Writing a big code from scratch for GPUs
Table of Contents
Introduction#
Using GPUs is the hot thing at the moment. Well, it has been for a while now…but, nowadays it is basically a requirement for a codebases to have GPU support or a good explanation on why they don’t have it at all.
There are two avenues for a codebase to start using GPUs: 1) port the existing codebase to use GPUs, or 2) rewrite the codebase from scratch
Rewriting is probably the best approach, since it gives you complete control on how everything is going to be done and you can choose to rewrite at any speed possible and whichever paths are necessary. However, it is a monumental task to do if the codebase is large enough. In reality, even a 10k line codebase is a big task - especially if the codebase lacks tests, a Continuous Integration (CI) environment, regression tests that catch performance and correctness of the physics. This is usually the case for most academic driven codebases, since most development is done by none software engineers.

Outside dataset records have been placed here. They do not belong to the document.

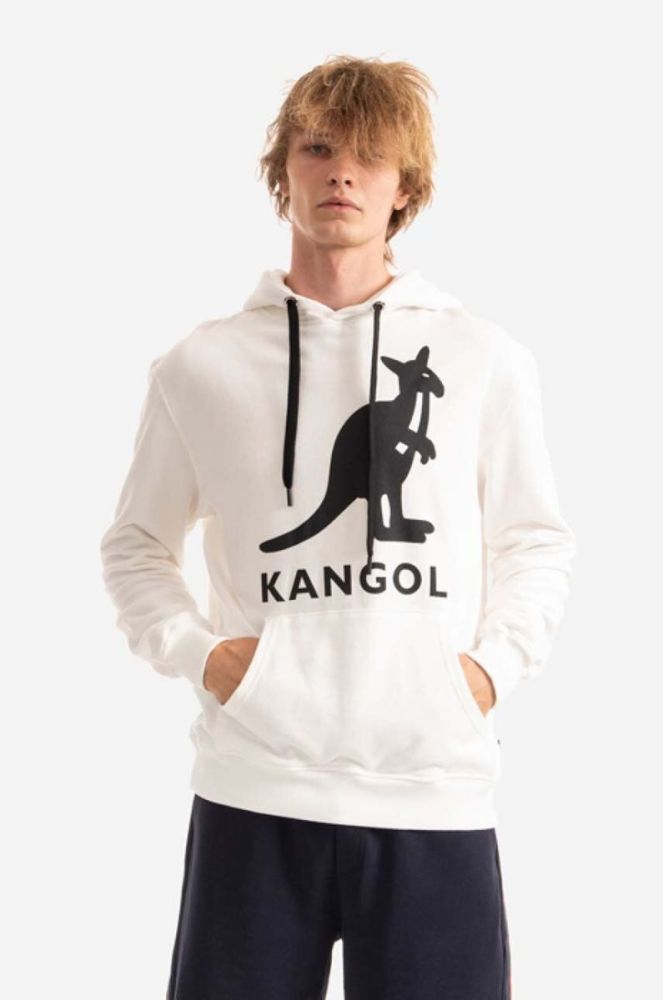 Бавовняна кофта Kangol колір чорний з капюшоном з принтом KLEU001-99 (3341008) фото 6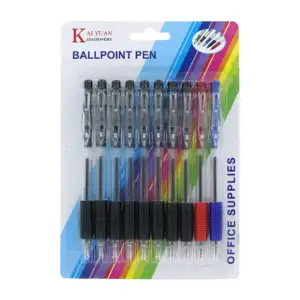 Blister con 10 plumas, variedad de colores / ballpoint pen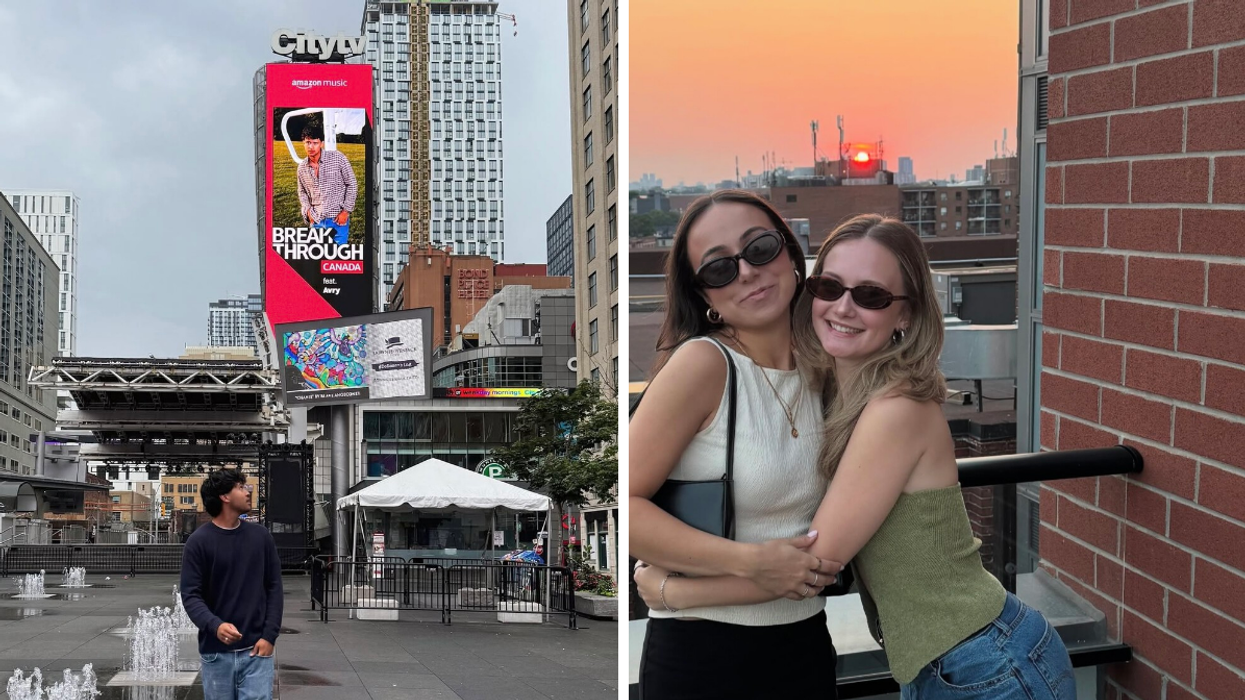 Person in front on a billboard in Toronto. Right: Two friends smiling on a balcony at sunset.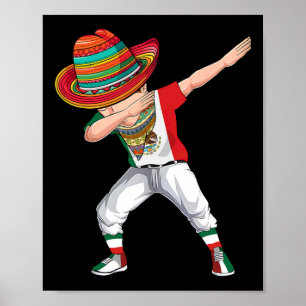 Dabbing Mexican Poncho Cinco De Mayo Boys Men Somb Poster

Porting is the act of slowly enabling routines to the GPU by carefully dissecting them and using whichever method you want to run them on the GPU. This becomes tricky quickly because the core idea of using a GPU involves moving data from the host to the device (unless you have some of those fancy unified memory CPU- GPUs, like a GH200 or an MI300A). This is painful because, traditionally, CPU codebases have been quite careless with how memory is allocated and where it is used. Additionally, the way parallelism is set up for CPU based codes is to minimize FLOPs, because they were expensvie - sometimes with GPUs those tricks that made CPU codes fast can end up making GPU code slow! So sometimes you need to reformulate the algorithm or the code itself. This can be problematic because that means touching code that might have been there for ages and that one does not understand anymore. Additionally, this code could not be tested at all!
Both approaches can be painful, rewriting from scratch means an insane amount of work and means probably alienating a lot of existing developers that use the codebase. It stops progress right in its tracks by putting a moratorium on development or it creates a parallel codebase. It is usually a painful process, it might ruffle some feathers around the team.

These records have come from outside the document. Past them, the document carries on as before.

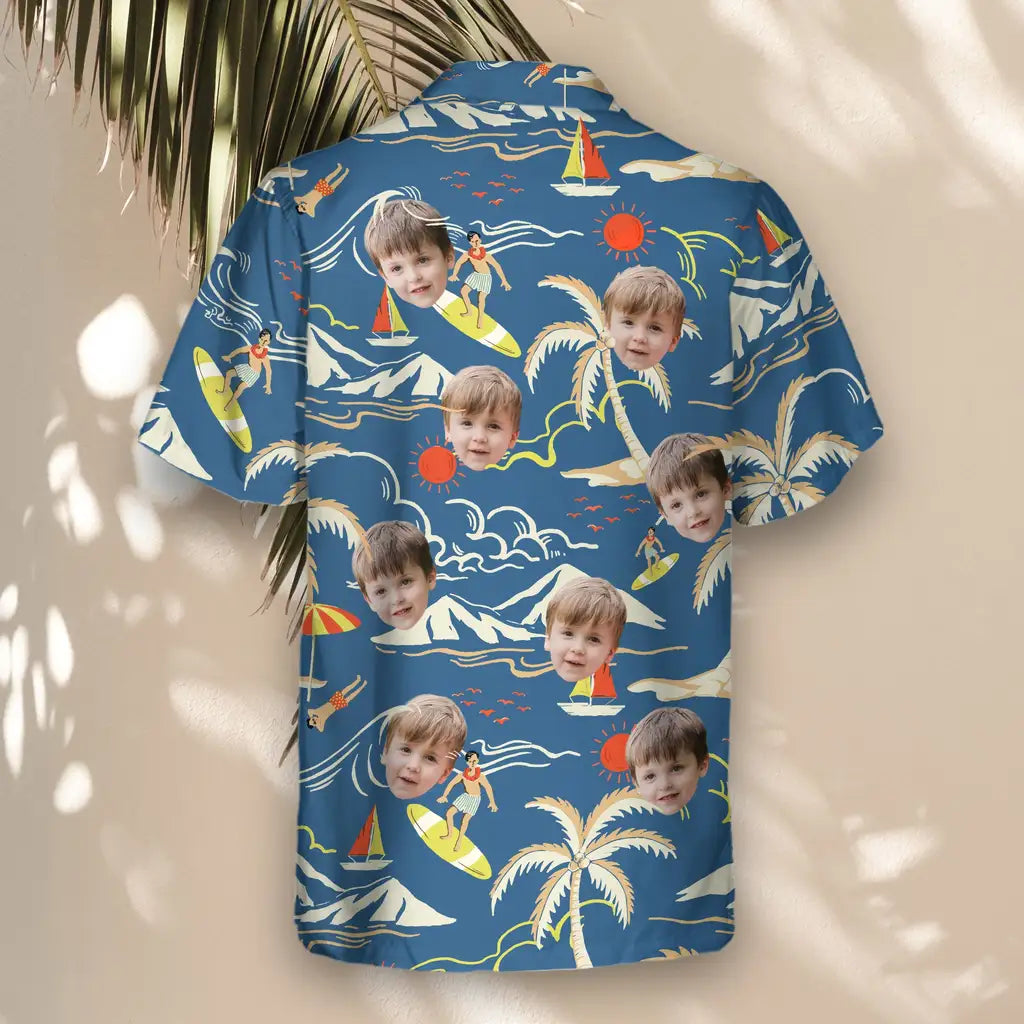 Custom Face &amp; Logo Surf Island Vibes Hawaiian Shirt | Perfect Beach &amp; Surf Adventure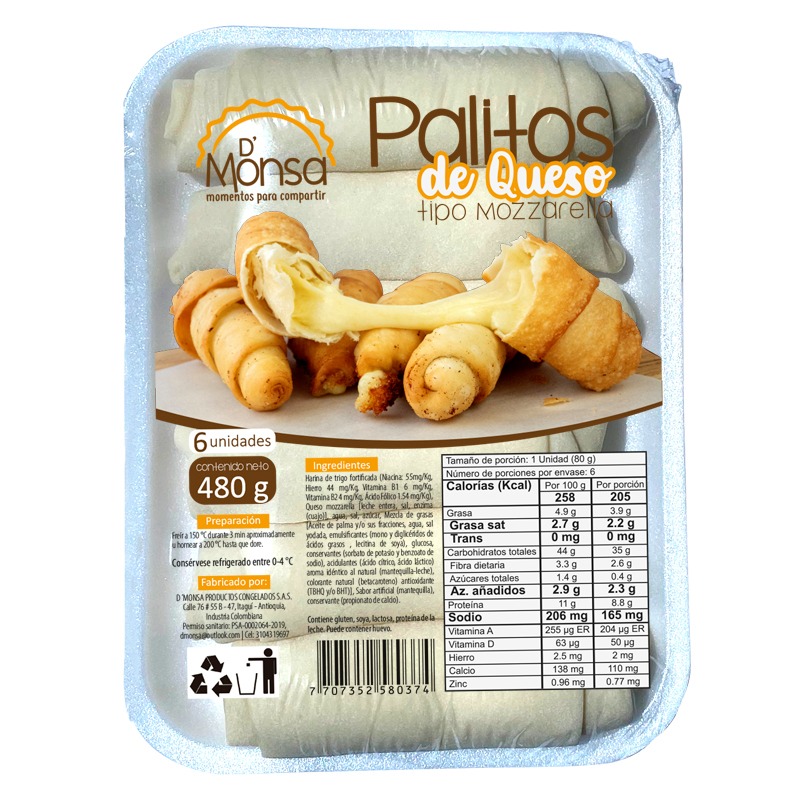 Palitos De Queso Tipo Mozzarella D'Monsa 6 Unidades 480Gr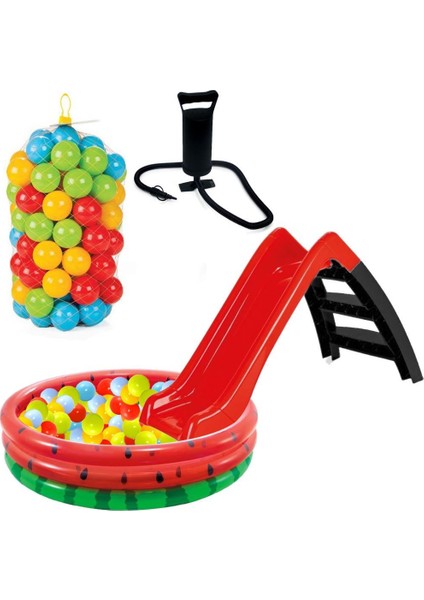 Funny Kaydırak Karpuz Desenli Havuz Pompa 100 Adet Top Kaydıraklı Oyun Seti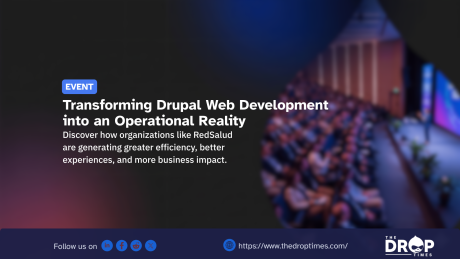 Event graphic titled "Transforming Drupal Web Development into an Operational Reality." The text details how organizations achieve higher efficiency and business impact, set against a dark background featuring a blurred audience in an auditorium.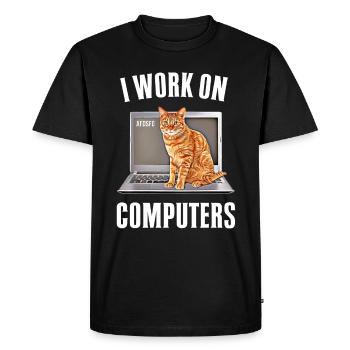 Working with Computers and Cats English - Men's Premium Organic T-Shirt - black - Front - Nico (187cm)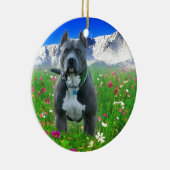 青いアメリカのピット・ブルテリア、穂先のピーク セラミックオーナメント (右)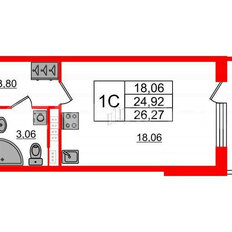 Квартира 26,3 м², студия - изображение 3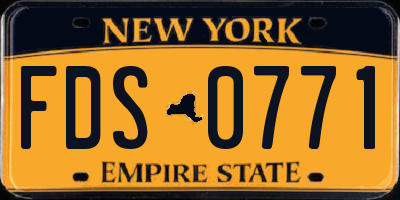 NY license plate FDS0771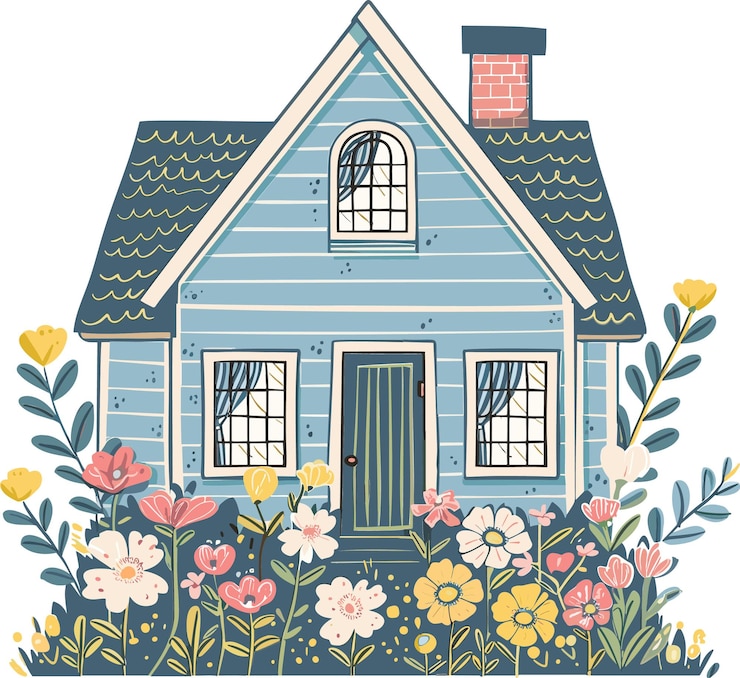 Vetor cottage vector vintage house ilustrações de flores decoração da casa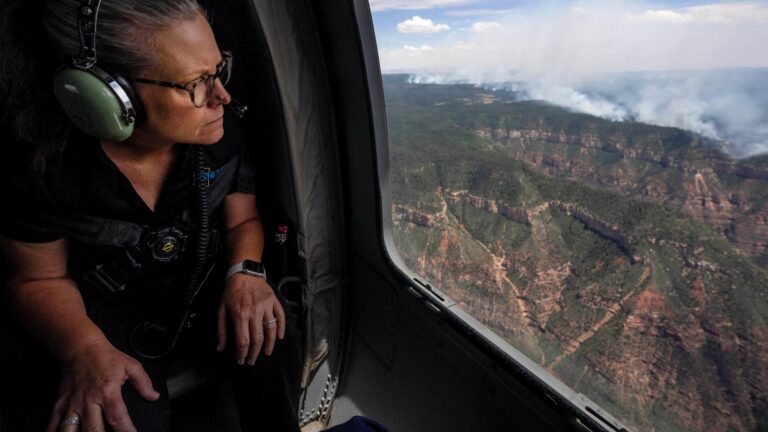 Arizona governor tours wildfire destruction along Grand Canyon's North Rim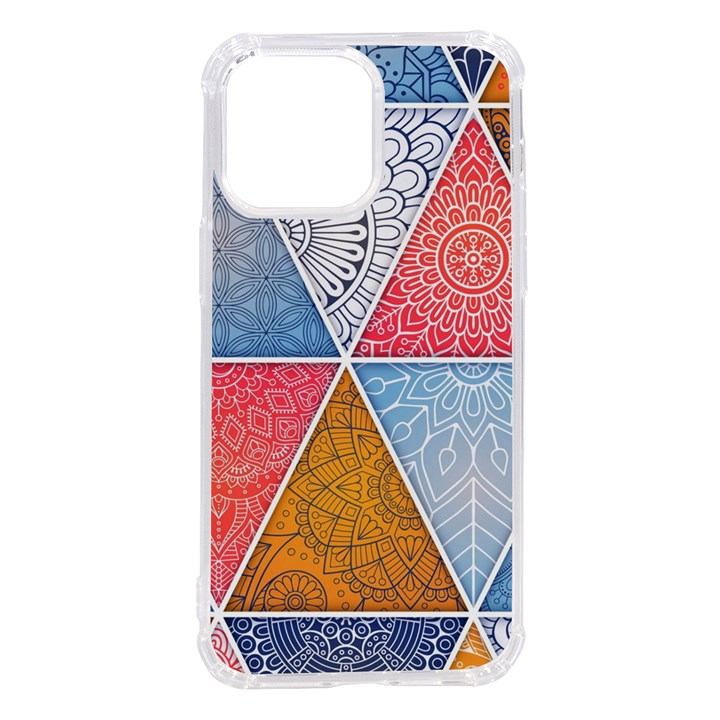 Texture With Triangles iPhone 14 Pro Max TPU UV Print Case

Porting can be quite painful for the people doing the job - especially if the code is still moving forward because it is very easy to introduce breaking changes that can work fine on the CPU but completely destroy performance or correctness on the GPU.
My opinion#
After doing both and seeing how things work I have convinced myself that a rewrite is the best idea if you are chasing performance without compromise. What do I mean here? The only things that matter are: the correct answer and getting there as fast as we can. We do not care about CPU performance, we do not care or care little about portability (until we do), we care little about readability, etc. This can be very problematic, though hard code to read is hard code to extend and maintain. Also, if you can only run on a single platform, what do you do if your HPC centre buys another hardware? Difficult things!
This is why I believe on a pragmatic approach. Everything with moderation! So the idea is to do things as best as we can: good programming, maintainability, performance, readability, and of course, correctness!
My approach#
I am still burnt out of C++ so we shall still use Fortran for everything.
Memory handling#
Fortran is great that it has allocatable arrays, which are mostly memory safe. So the idea is that we have “handles” that carry a consistent state. This way the resources are owned by a process or set of processes. A bit object oriented. This will also let us have reusable scratch spaces, for example if we need an array of whatever size to do some work we shouldn’t allocate it on the fly, we should try to only do it at the start, put it on the GPU and reuse as we go along. This makes it easy to then just work on existing memory in a speedy way.